┌─ Data shown
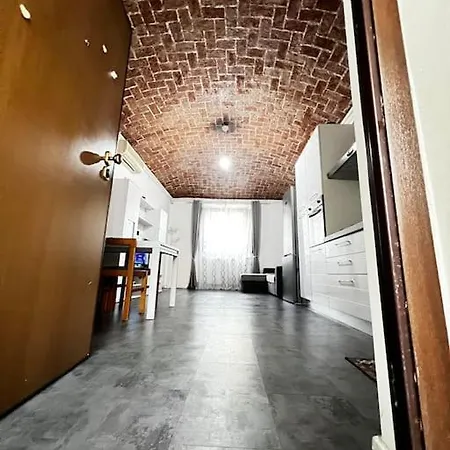 Apartamento Casa Gabu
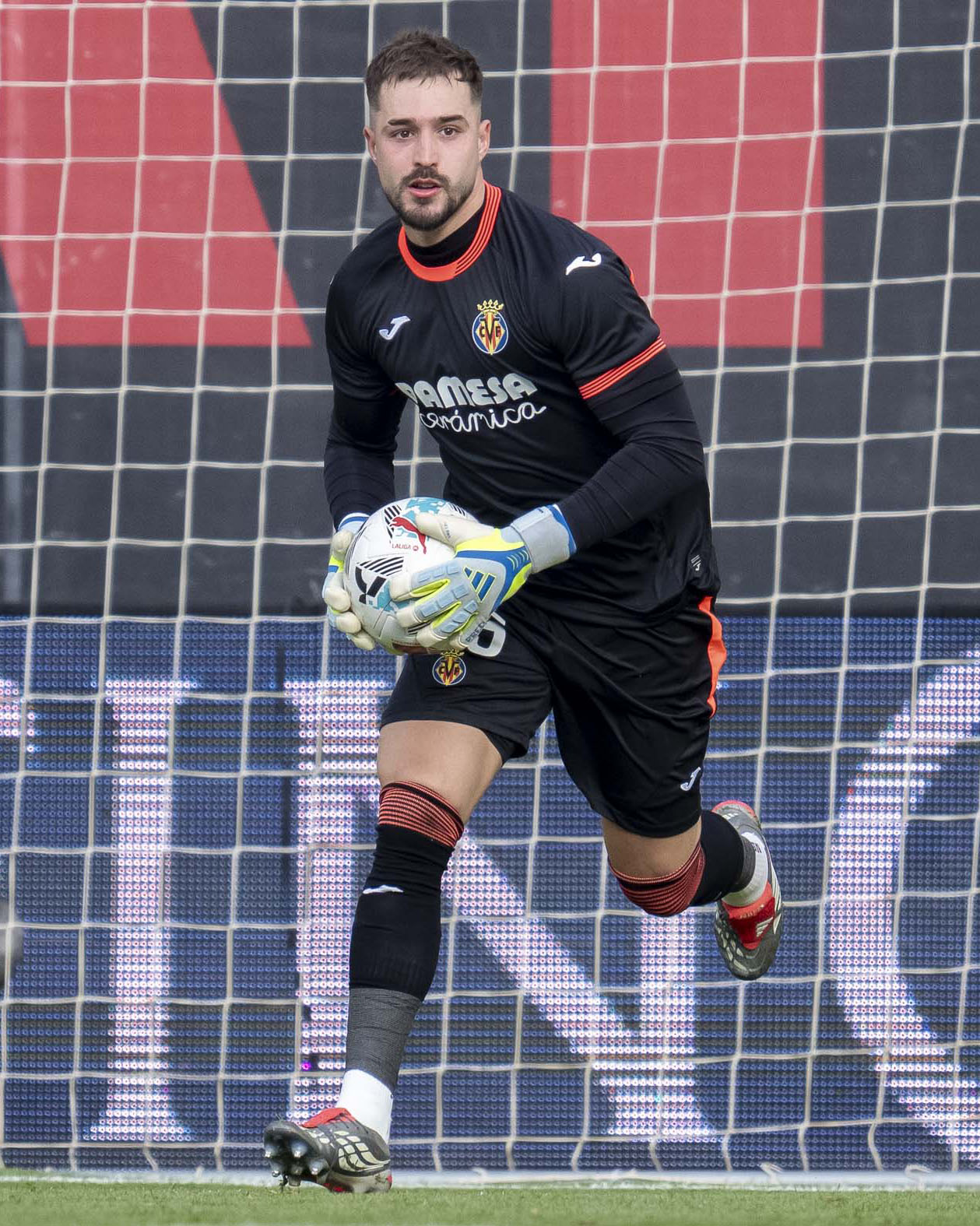 Arnau Tenas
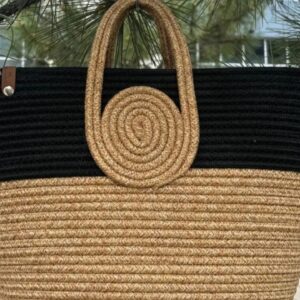all the cultures fabricating india handmade small dry grass/natural cane/chic dry grass bag/handbag from manipur/carry tote bag sling bags ofwt red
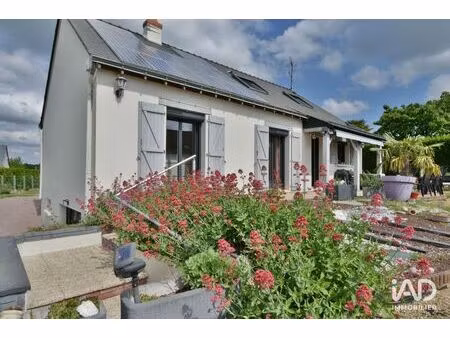 maison à distré (49400)
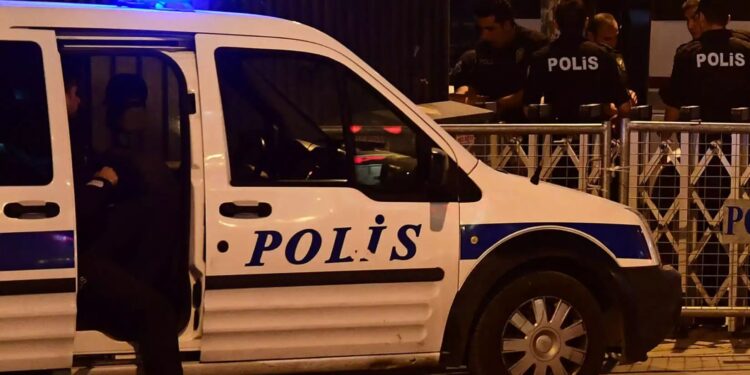 Alldaynews.gr Τουρκία: Δολοφονήθηκε ο ιδιοκτήτης και αρθρογράφος γνωστής ιστοσελίδας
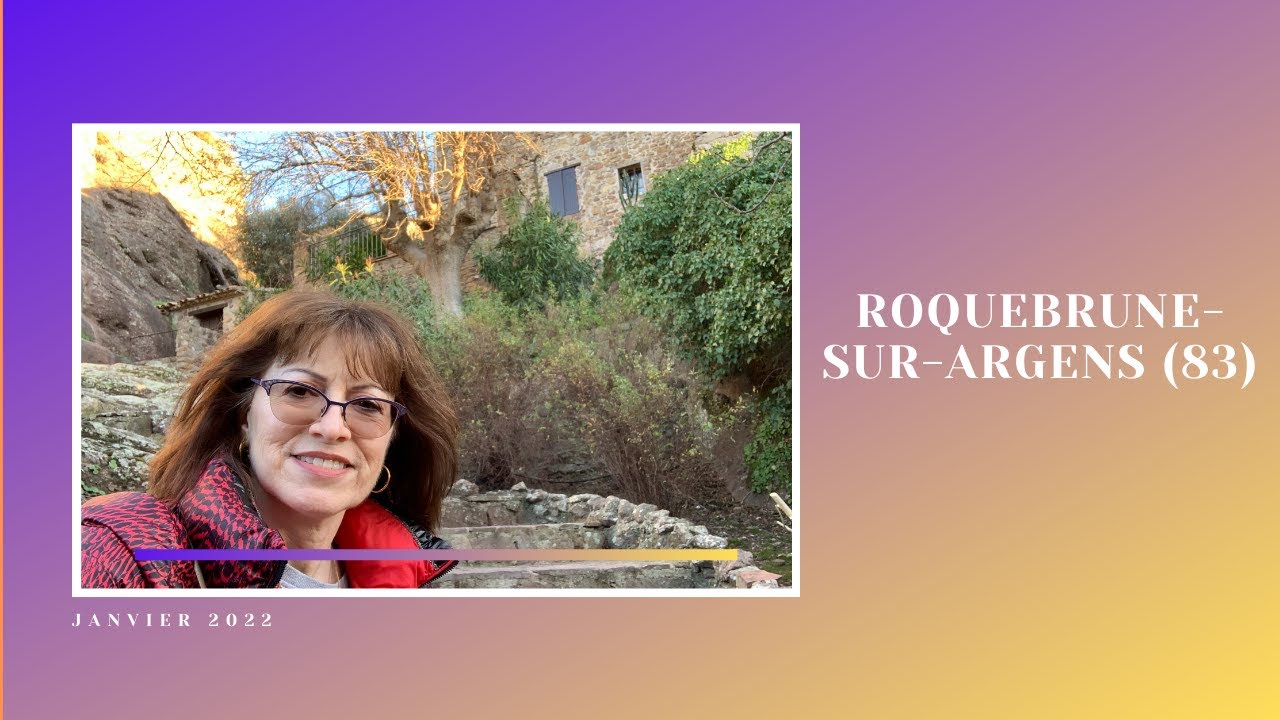 ROQUEBRUNE-SUR-ARGENS (83)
└─
## [Problem details]
Your copy should match every entry above exactly and contain no pictures.

## [Output of the task]
 Apartamento Casa Gabu
 Arnau Tenas
all the cultures fabricating india handmade small dry grass/natural cane/chic dry grass bag/handbag from manipur/carry tote bag sling bags ofwt red
 maison à distré (49400)
 Alldaynews.gr Τουρκία: Δολοφονήθηκε ο ιδιοκτήτης και αρθρογράφος γνωστής ιστοσελίδας
 ROQUEBRUNE-SUR-ARGENS (83)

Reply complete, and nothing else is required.